# EXERCISE OBJECTIVE
The line containing "Armband, 18K, Weißgold, Turmaline, Brillanten" marks the end: copy exactly every line from the start of the records below up to and including it, leaving out pictures.

Captioned web images:
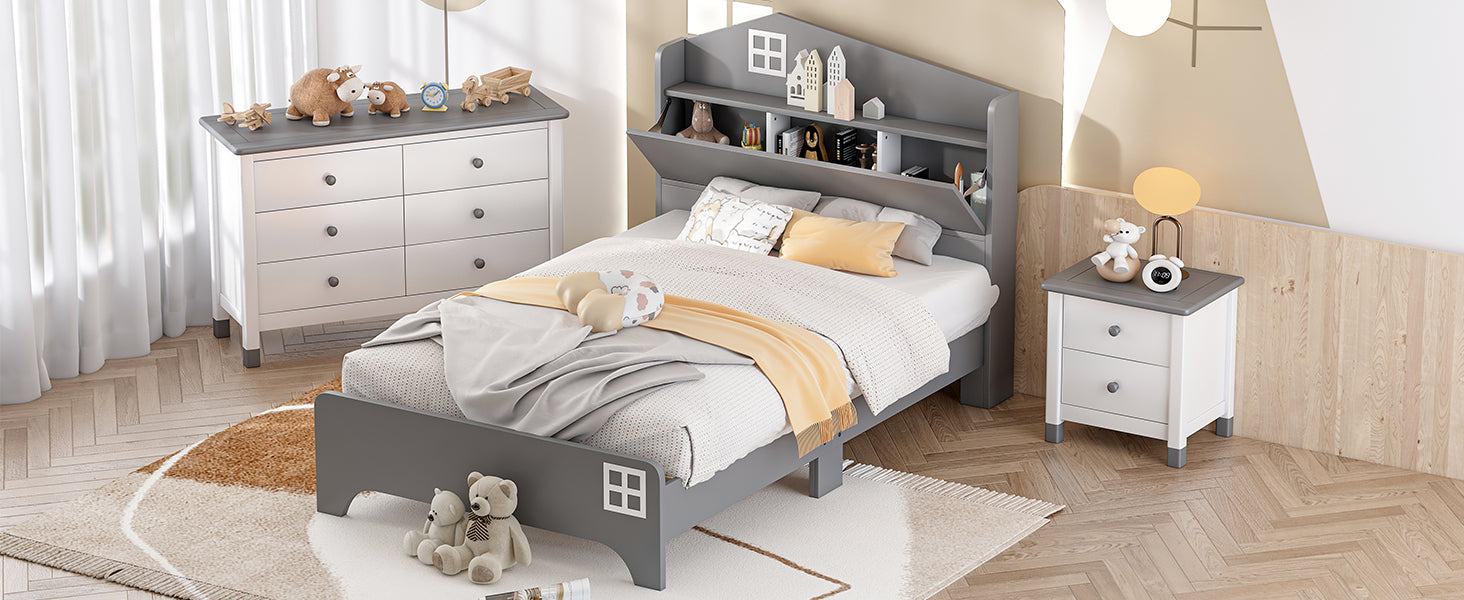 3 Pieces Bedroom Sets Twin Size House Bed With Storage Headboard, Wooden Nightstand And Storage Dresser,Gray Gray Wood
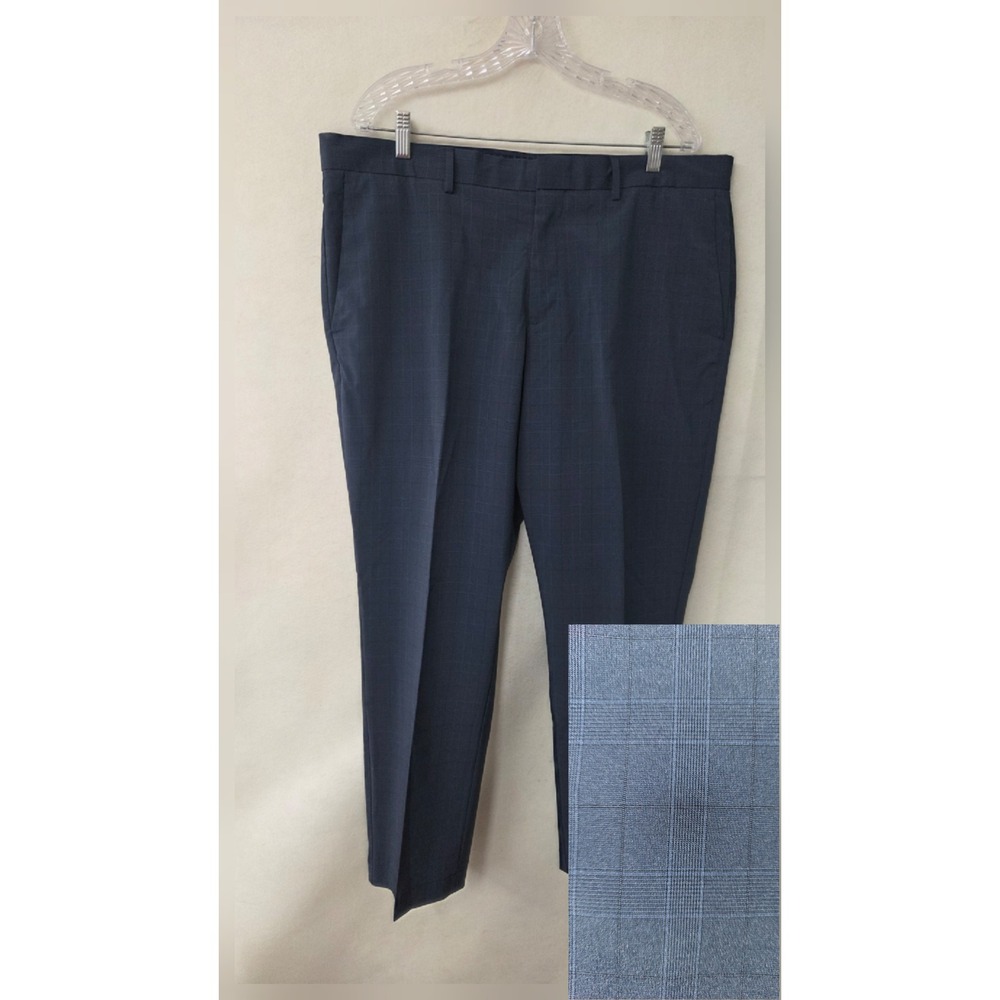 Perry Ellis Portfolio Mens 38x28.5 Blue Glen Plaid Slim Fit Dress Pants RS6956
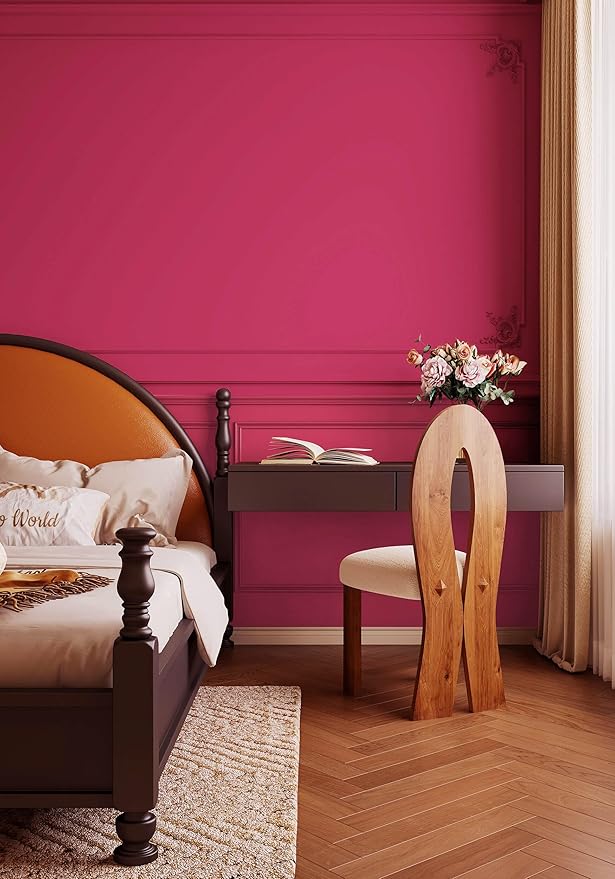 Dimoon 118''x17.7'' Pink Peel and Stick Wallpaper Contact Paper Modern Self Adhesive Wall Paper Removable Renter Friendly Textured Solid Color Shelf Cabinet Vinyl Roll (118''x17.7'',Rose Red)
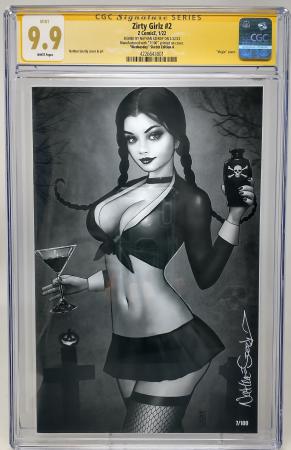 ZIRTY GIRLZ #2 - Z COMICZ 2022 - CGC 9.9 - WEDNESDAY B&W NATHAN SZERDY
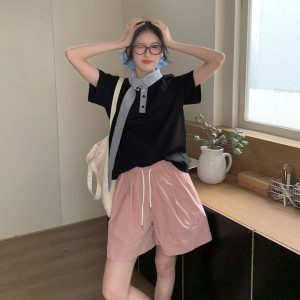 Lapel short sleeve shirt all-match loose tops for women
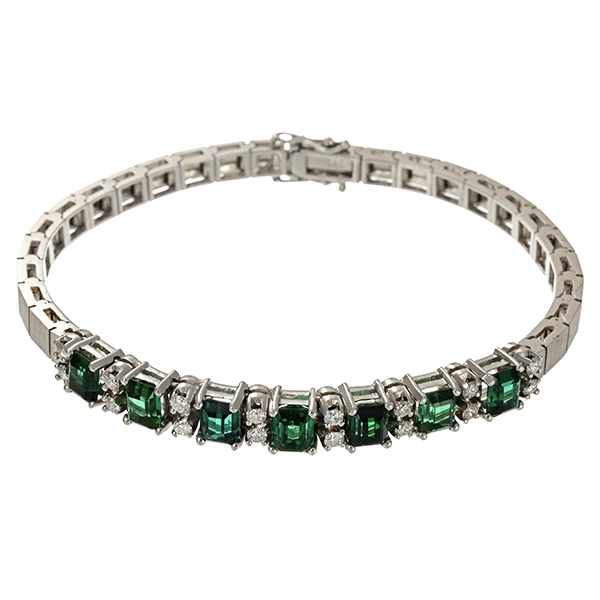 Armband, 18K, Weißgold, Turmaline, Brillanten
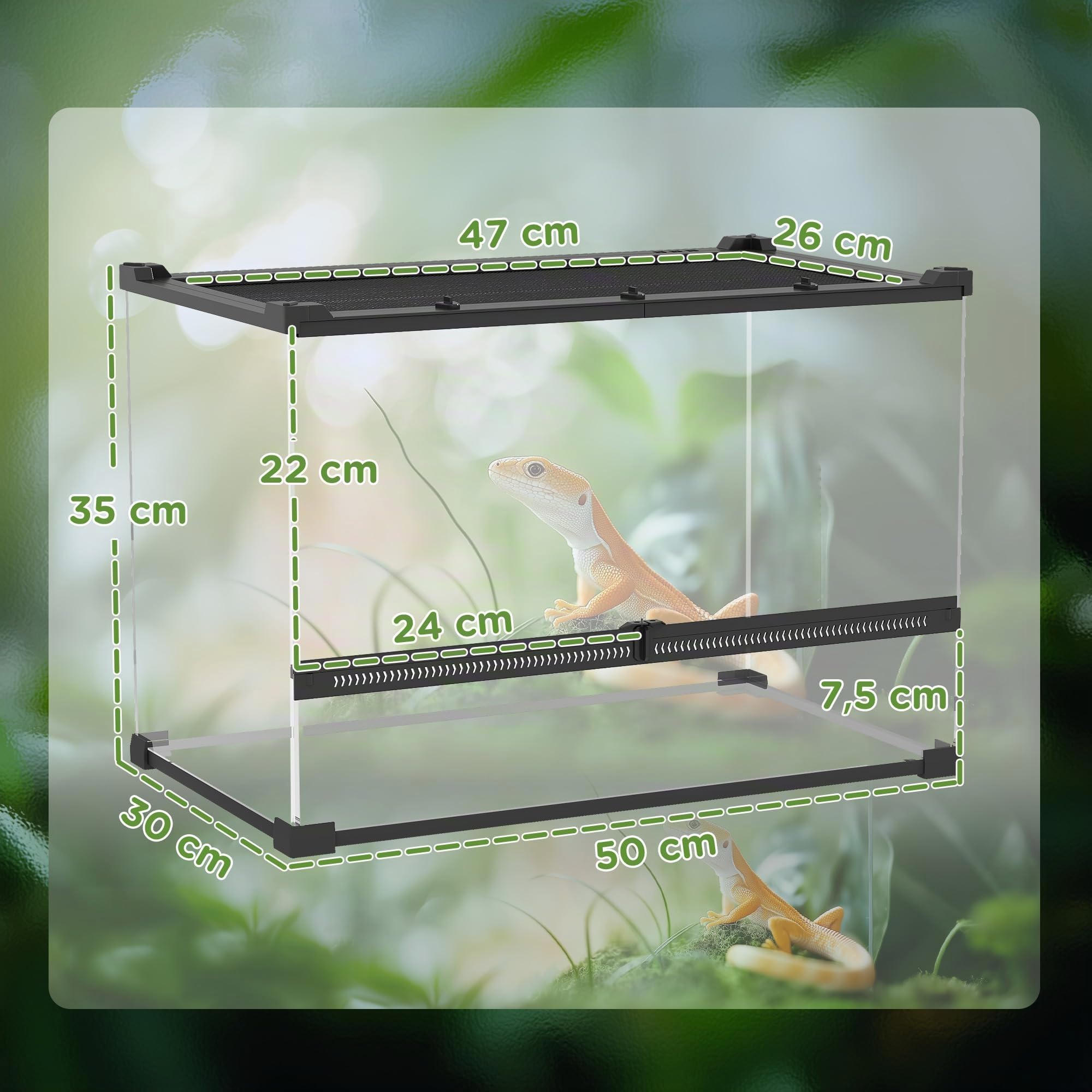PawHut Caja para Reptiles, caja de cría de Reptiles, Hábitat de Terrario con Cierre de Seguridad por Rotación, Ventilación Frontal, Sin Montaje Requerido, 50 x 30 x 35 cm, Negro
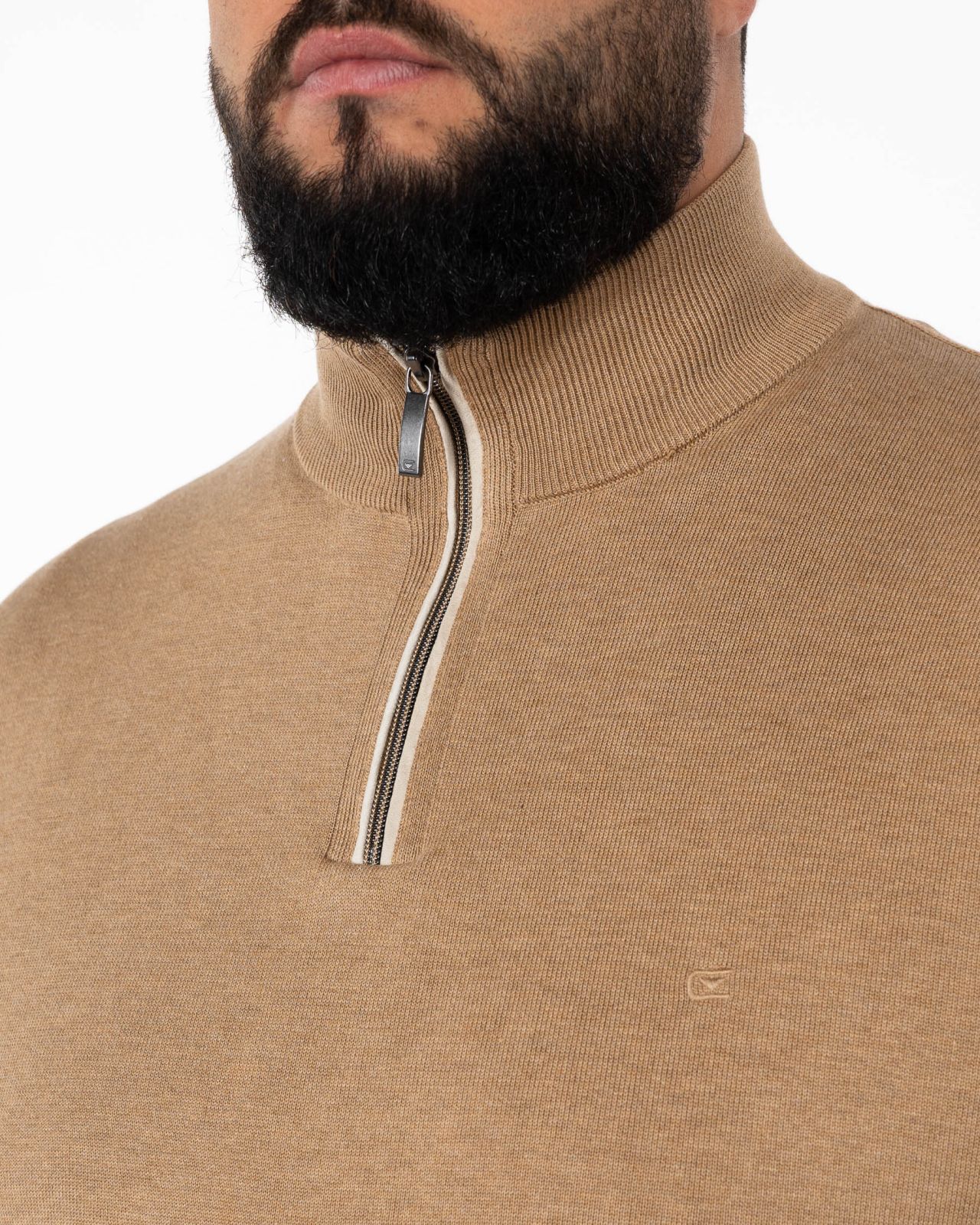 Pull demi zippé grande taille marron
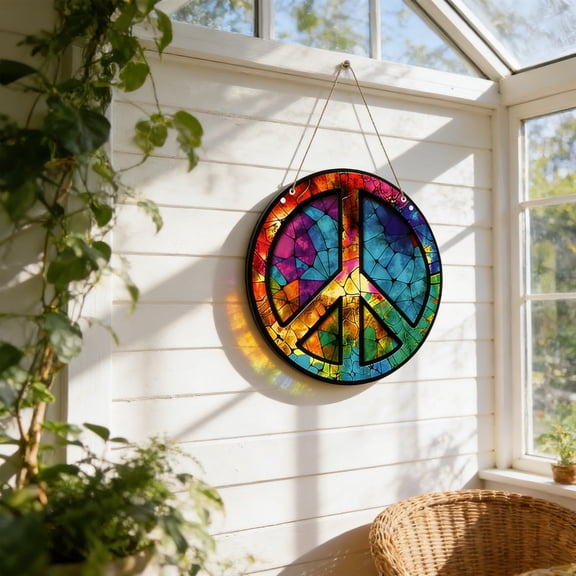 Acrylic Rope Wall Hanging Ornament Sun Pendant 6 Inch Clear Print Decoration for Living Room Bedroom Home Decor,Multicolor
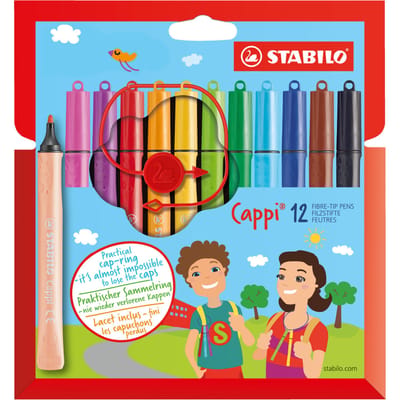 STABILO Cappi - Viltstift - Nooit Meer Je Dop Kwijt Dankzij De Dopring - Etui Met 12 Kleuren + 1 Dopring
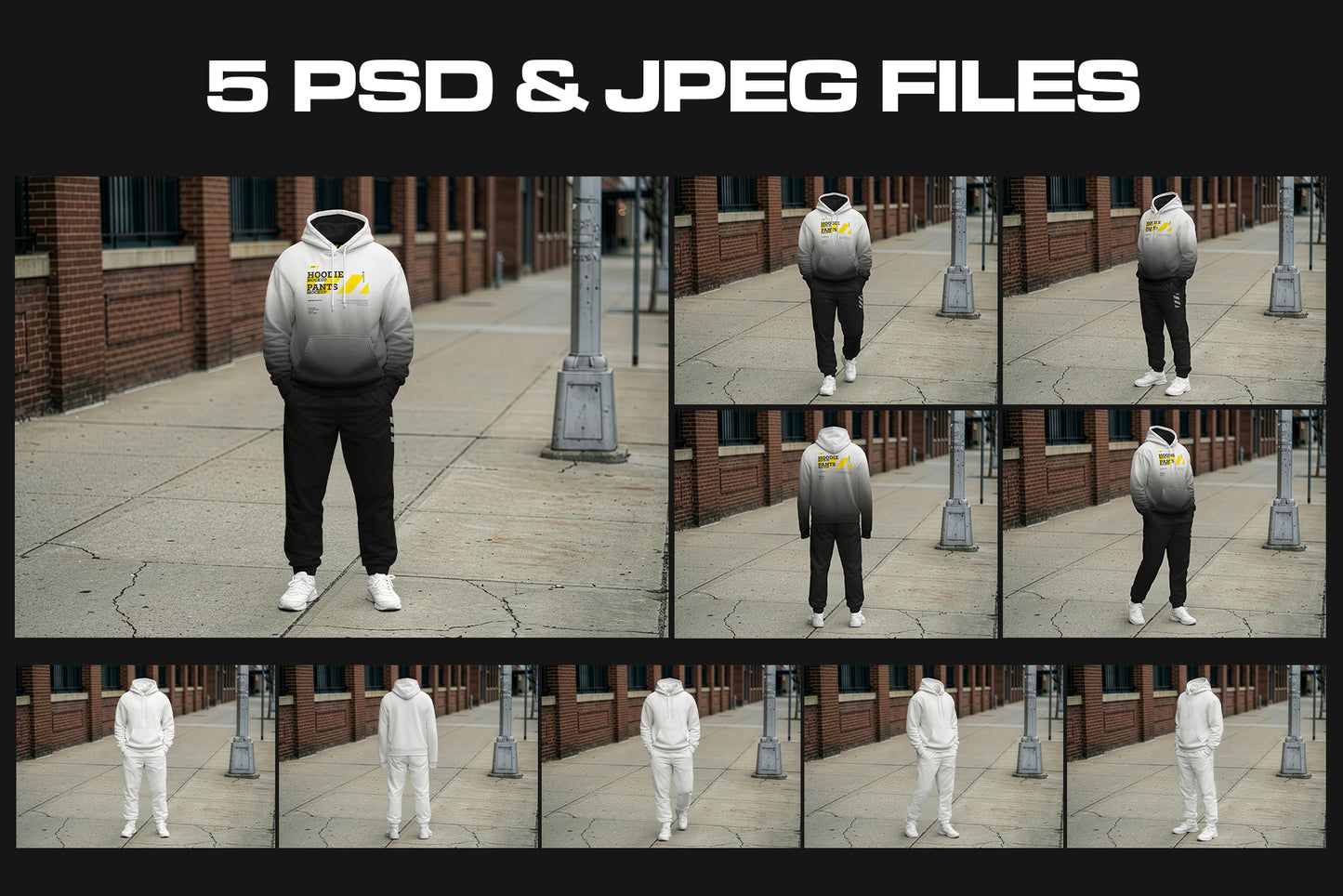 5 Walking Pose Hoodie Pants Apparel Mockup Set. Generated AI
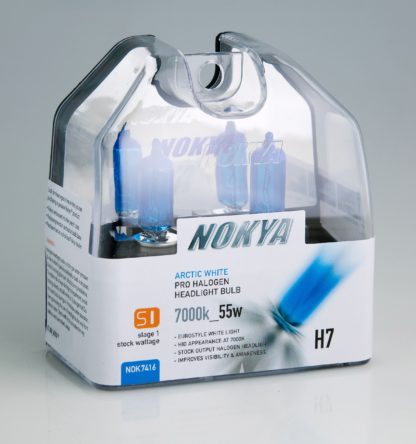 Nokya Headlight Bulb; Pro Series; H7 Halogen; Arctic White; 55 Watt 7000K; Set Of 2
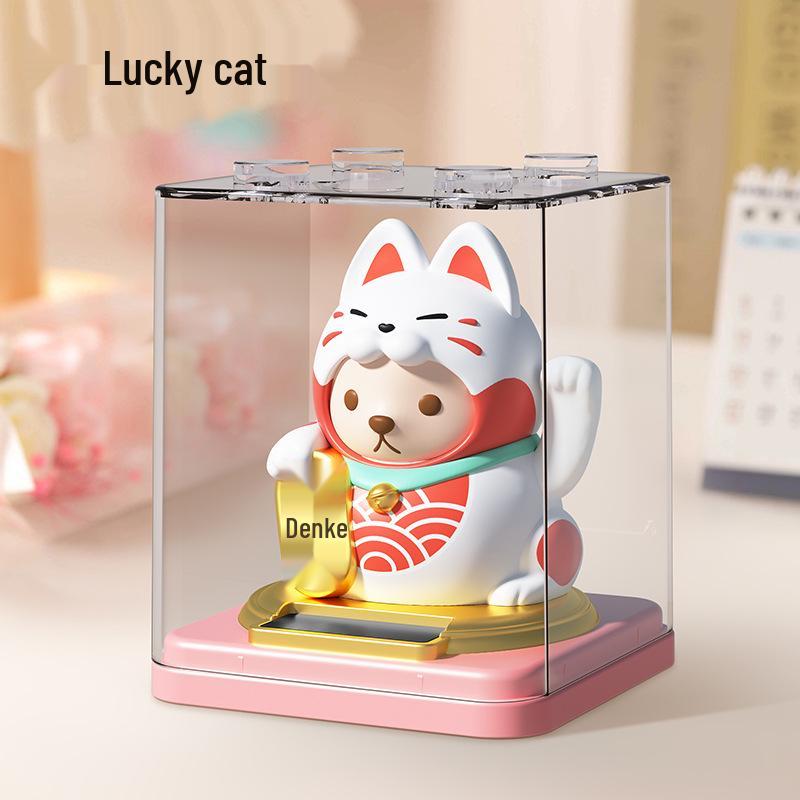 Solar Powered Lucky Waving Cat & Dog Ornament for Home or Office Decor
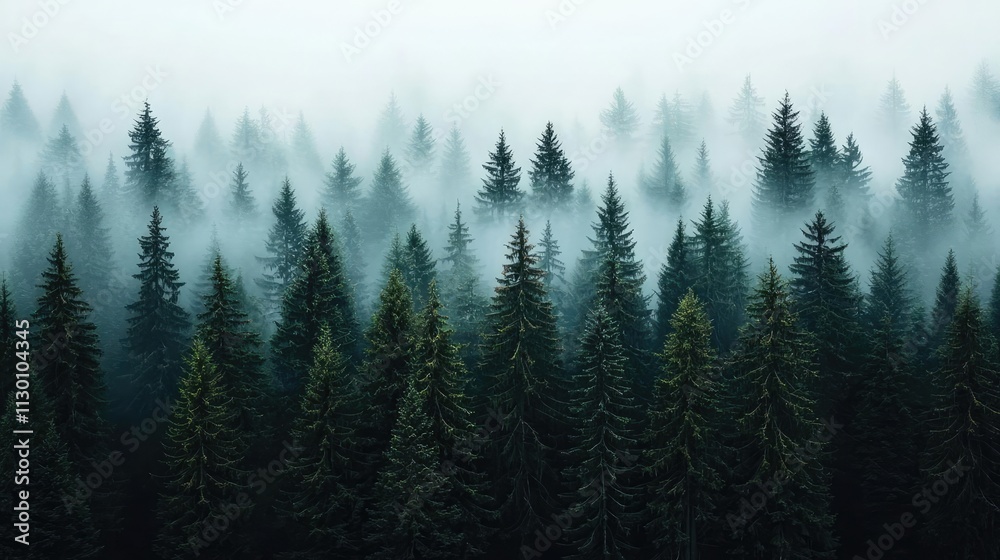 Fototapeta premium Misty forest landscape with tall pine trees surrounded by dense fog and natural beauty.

# RESPONSE FOR THIS EXERCISE
 3 Pieces Bedroom Sets Twin Size House Bed With Storage Headboard, Wooden Nightstand And Storage Dresser,Gray Gray Wood
 Perry Ellis Portfolio Mens 38x28.5 Blue Glen Plaid Slim Fit Dress Pants RS6956
 Dimoon 118''x17.7'' Pink Peel and Stick Wallpaper Contact Paper Modern Self Adhesive Wall Paper Removable Renter Friendly Textured Solid Color Shelf Cabinet Vinyl Roll (118''x17.7'',Rose Red)
 ZIRTY GIRLZ #2 - Z COMICZ 2022 - CGC 9.9 - WEDNESDAY B&W NATHAN SZERDY
 Lapel short sleeve shirt all-match loose tops for women
 Armband, 18K, Weißgold, Turmaline, Brillanten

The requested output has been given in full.